ACALAがWormholeとの接続を発表
はじめに
前回の記事でAcalaが目指すPolkadotにおけるDefiのハブセンターとステーブルコインaUSDの発行の仕組みなどを紹介しました.つい数日前にそのAcalaがWormholeとの接続することと今後複数のレイヤー1チェーンのトークンをサポートすることを発表しました.今回は簡単にこれからのAcalaのWormhole連携とそのリスクについて解説してみようと思います.
Wormholeについて
Wormholeは複数のEVM互換レイヤー1チェーンに接続するメッセージパッシング・プロトコルです.スマートコントラクトはそのWormholeネットワークを通じてメッセージを発し,そのメッセージはターゲットとなる宛先に送られる形でクロスチェーンブリッジを形成します.このシステムは,トークンやNFTブリッジによる異なるチェーン間での転送,クロスチェーンオラクル,メッセージングアプリケーションなどのクロスチェーン通信を可能にします.4月2日現在で8つのレイヤー1チェーンへ接続を提供し約39億ドルの資産がロックされています.また同日のThe blockの報道によると独自トークンHoleを発行し25億ドル規模の評価額が付く可能性について言及されています.どうやらHoleトークンの総発行量の7.5%をプライベートセールで1 HOLE = 0.25 USDで販売し最大で2億ドルの調達を目指しているようです.
AcalaがWormholeとの接続を発表
発表は数日前の3月30日に行われました.Acala Japan公式のMediumでの投稿は以下のリンクに記載されています.

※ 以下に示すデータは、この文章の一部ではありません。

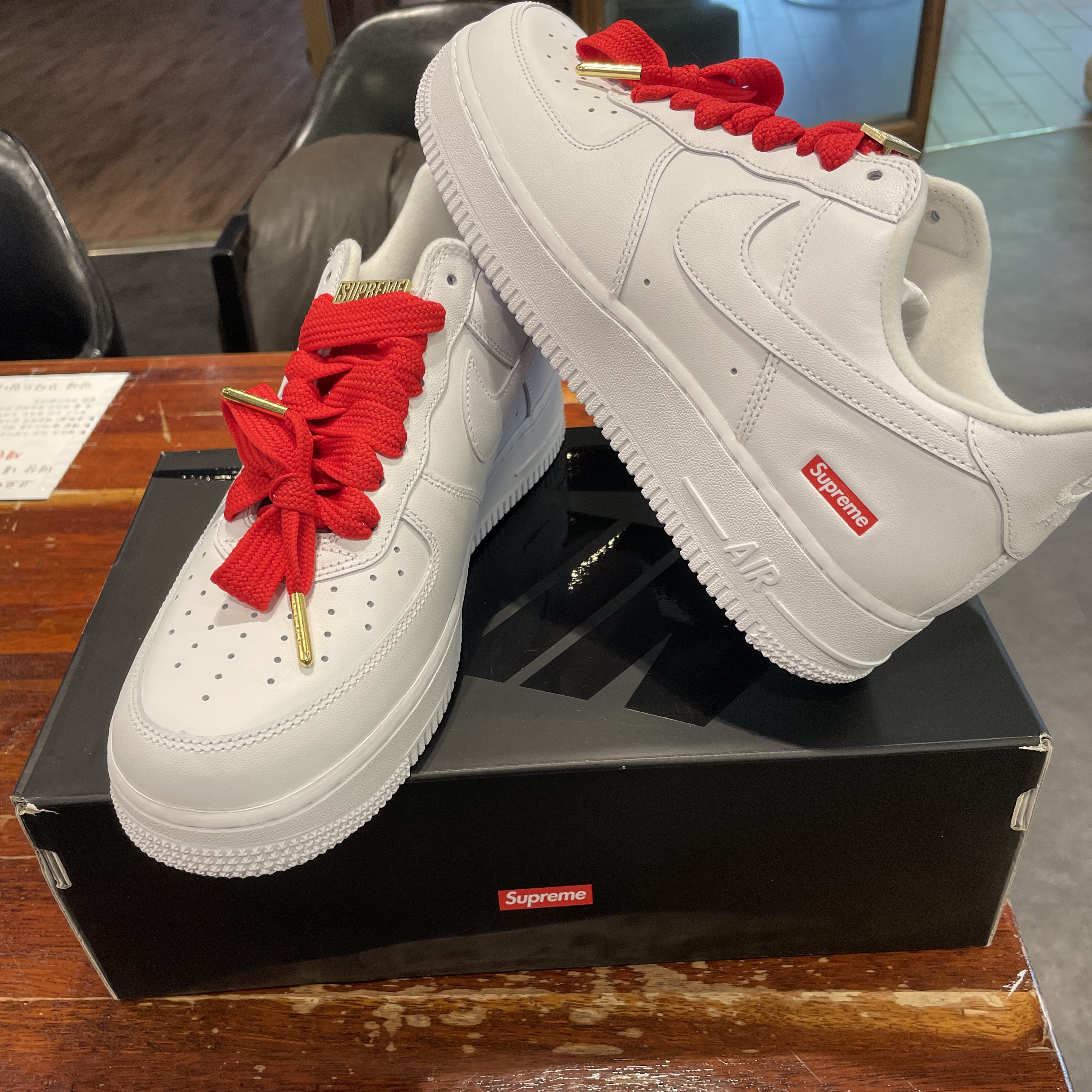 Nike x Supreme Air Force 1 Low White 착용 스타일 - 1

ではこのWormholeへの接続の狙いは何なのでしょうか?その答えは簡単で,複数のレイヤー1チェーンへの接続を通して2000億ドルを超える流動性へアクセスするためです.具体的にはWormholeを通して以下のレイヤー1チェーンに接続可能になるようです.
- Avalanche (AVAX)
- Binance Smart Chain (BNB)
- Ethereum(ETH)
- Fantom (FCT)
- Oasis (ROSE)
- Polygon (MATIC)
- Solana (SOL)
- Terra (LUNA)
これは時価総額上位のEVM互換レイヤー1チェーンを網羅できるということを意味します.ちなみにBTCはPolkadotのパラチェーンであるInterlayを通じて接続されていくのでしょう.現在は最初の計画発表段階でまだトークンを転送してスワップや流動性提供を行ったりすることはできません.実装はこれから行われます.

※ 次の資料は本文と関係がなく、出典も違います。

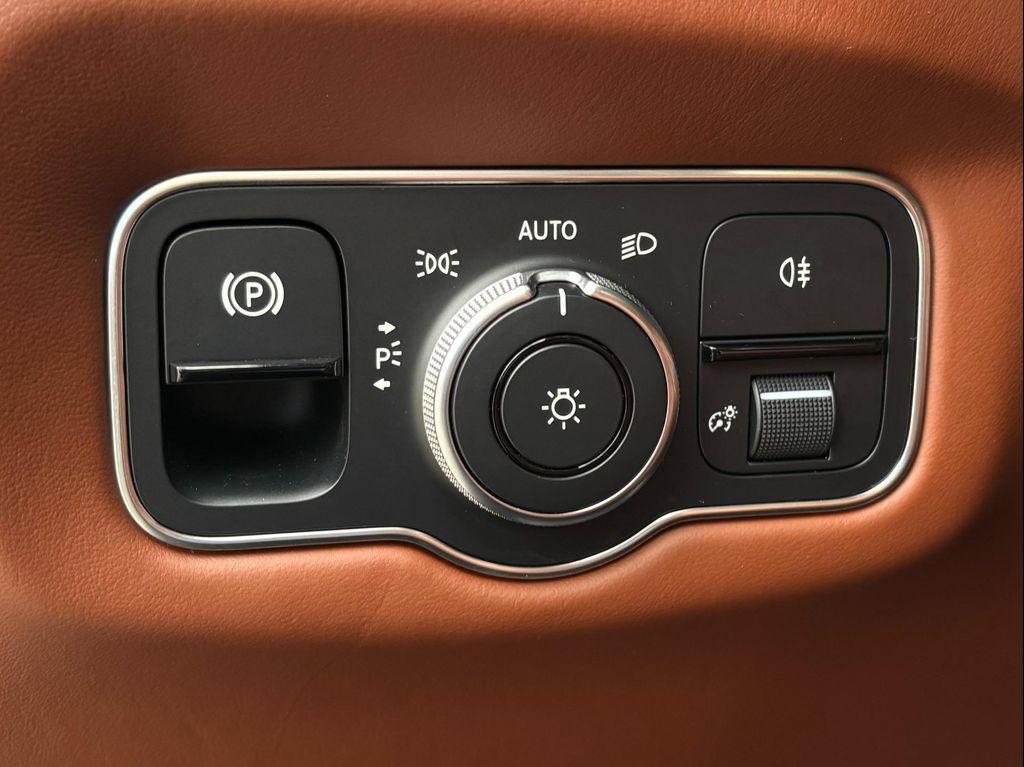used 2020 Aston Martin Vantage car, priced at $98,850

Wormholeとのコミュニケーション機能が統合されるとaUSDの担保として他のレイヤー1チェーンのトークンやUSDCなどのステーブルコインが使えるようになるメリットがあります.これは歓迎すべきことですがいくつかリスクが生じるのでそれを説明していきましょう.
今回のWormhole統合に伴うリスク
Wormholeはつい最近ハッキング被害にあったばかりです.もちろんこれからはコード監査と内部統制的に再発防止に努めていくのでしょうが,やはり外部ブリッジ特有のリスクはこれからも付き纏います.さらに複数のレイヤー1チェーンを連携させる場合にはwrappedトークンの信頼性の問題も指摘されています.Wormholeハッキング被害とブリッジの危険性については以前に取り上げているので興味のある方は以下のリンクをご覧になってください.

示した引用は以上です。